I don’t know about you, but every spring and throughout the summer, I make at least two and sometimes three trips to our dump on Limerick Road.  In the spring, I pull weeds every day until all my beds are pristine again. Then after azaleas finish blooming, I usually have a truckload of cuttings to haul. After my plum trees quit producing fruit and my red buds have branched out, they get cut and I have another truckload.  When my four mulberry trees finish blooming, they have to be cut back. There’s another truckload.  
All during the summer, I keep “runners” on my five wisteria bushes, and I keep my trumpet creeper cut back to keep them in bush form. So there are more truckloads. To keep a yard in manicured shape, you must constantly keep things pruned and pull the weeds out from around your plants. And I am just talking about my yard.  
How about my household waste? One bag of garbage a week is about normal for me.  But I also recycle tin cans, newspapers, magazines, milk jugs, clear plastics, solid plastics and glass containers. I haul recyclables to the drop-off about twice weekly.  
So you see folks, using a polycart would be like putting an elephant into a thimble — at least where my situation is concerned. I’m sure I am not alone.  
Another thing that concerns me is that our tax dollars were used to build those six convenience centers that allow us to dispose of things when and how we please — not how the county dictates us.

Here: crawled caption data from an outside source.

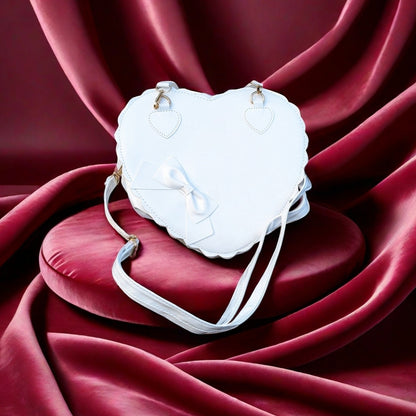 Glanz Herz-Tasche • Rosa • weiß • schwarz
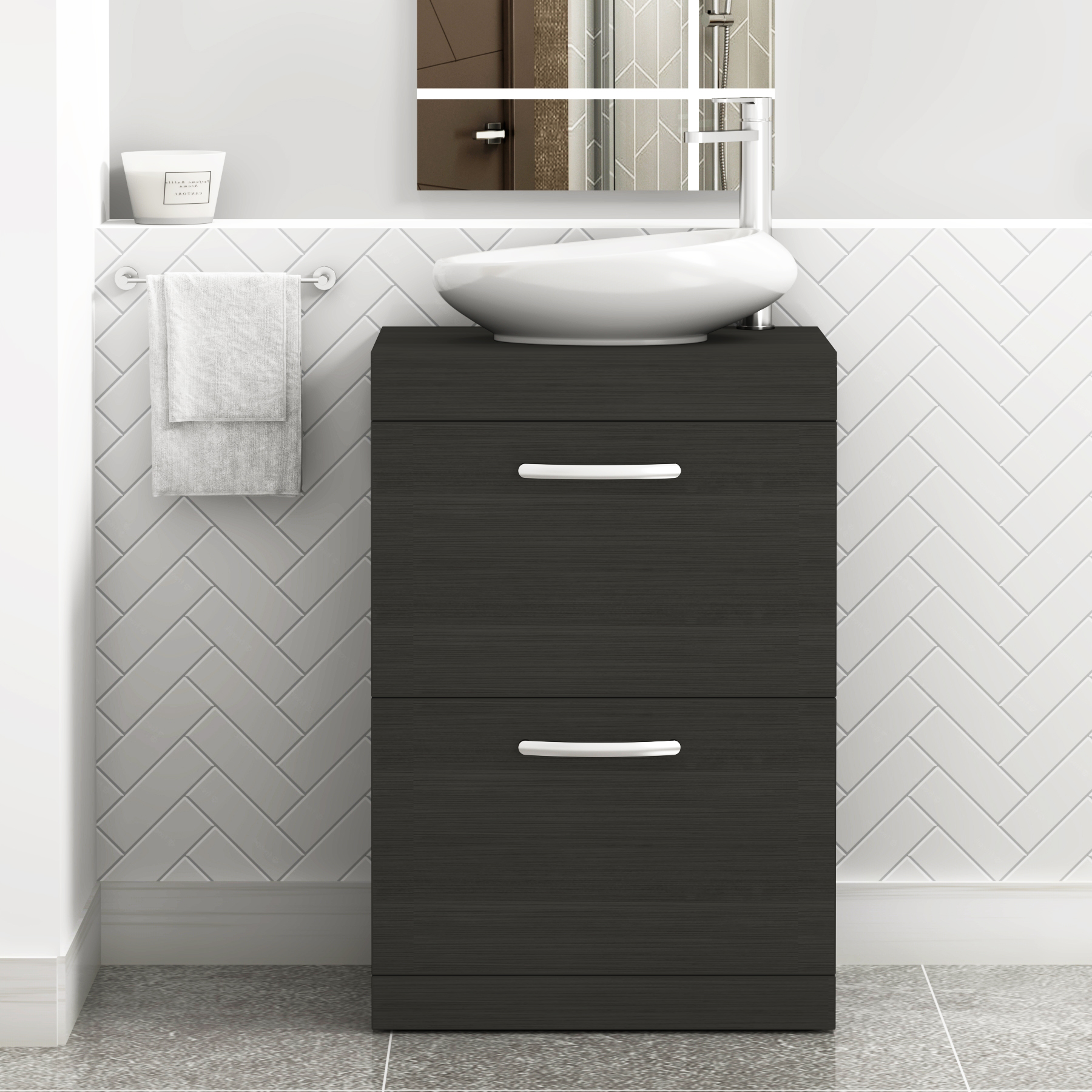 Turin 800mm Floor Standing Vanity Unit 2 Drawer Hale Black & Countertop Basin - Nova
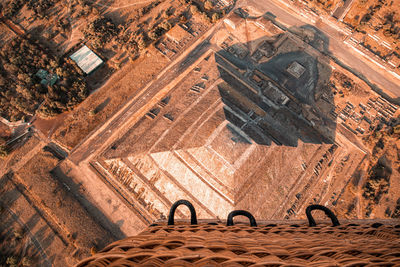 High angle view of cars on road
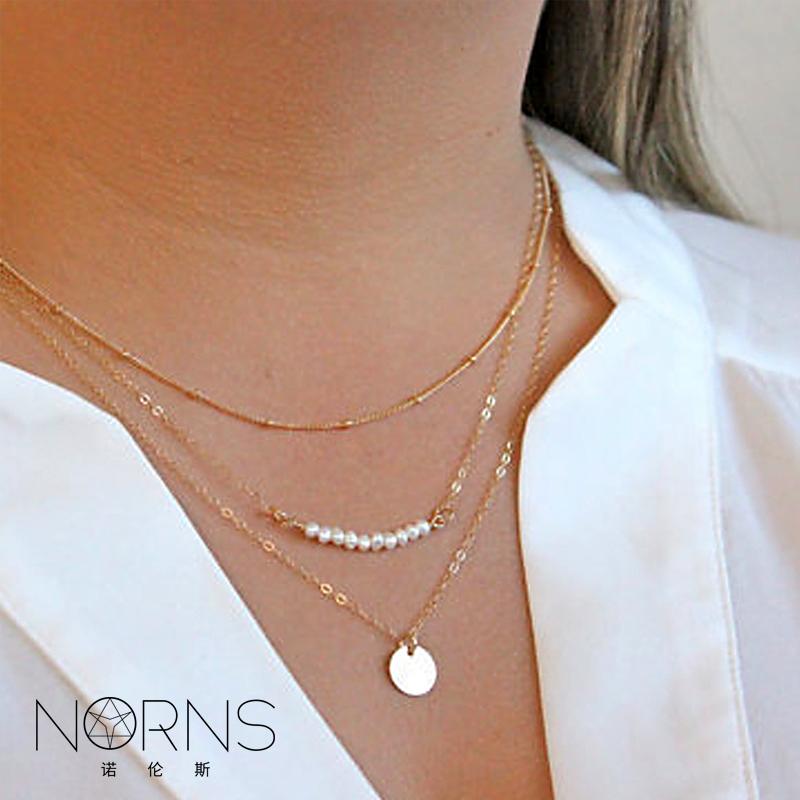 レディース ネックレス アクセサリー チェーン エスニック リゾート ビーチ 水着 海水浴 ビキニ アクセ スマート シンプル マッチング ライス ビーズ ディスク ペンダント 多層 鎖骨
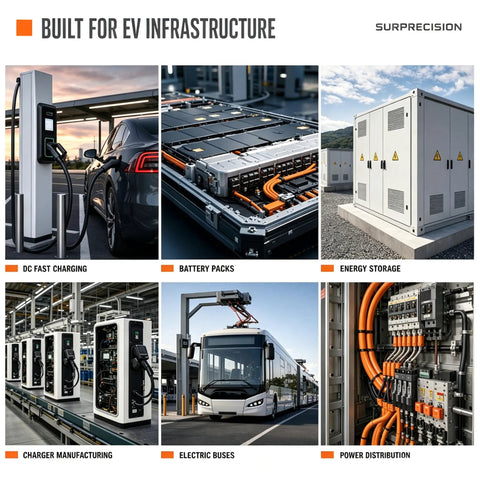 Image showcasing Top Shelf Heavy Duty EV High Voltage Cable 350 Kcmil XLPE Insulated 1500V in EV infrastructure applications.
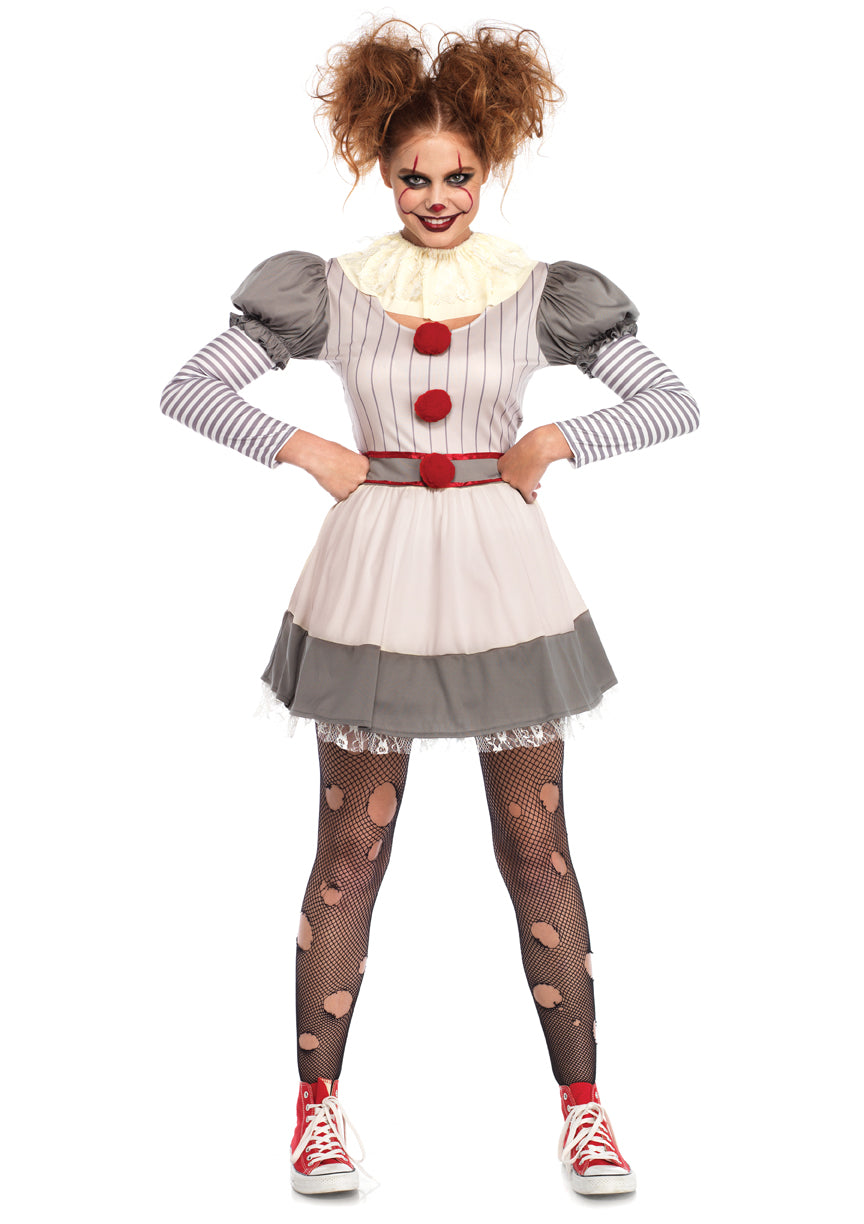 Leg Avenue 2PC Creepy Clown, includes striped dress with pom pom accents and lace neck piece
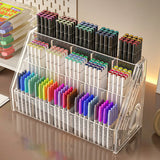 Durable Acrylic Pen Holder 3/4/5 Layers Multi-Compartment Desktop Organizer Clear Stationery Storage Supplies Home Office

What would happen to all those roll-offs that we put our yard waste in? What about the big trucks that haul them? Will people lose their jobs because they will no longer be needed at these convenience centers?  I hesitate to even think about what the sixth convenience center cost the taxpayers.  
Drive out to the Trade Hill area and have a look at it. Then drive back and look at the one you use. No comparison.
I, for one, do not ever want to see a polycart at the end of my driveway. By the way, Wayne County went with polycarts years ago, but at no cost to the residents of the county. That is a fact.  Be very careful about allowing this in our county unless they are willing to give it to us for free.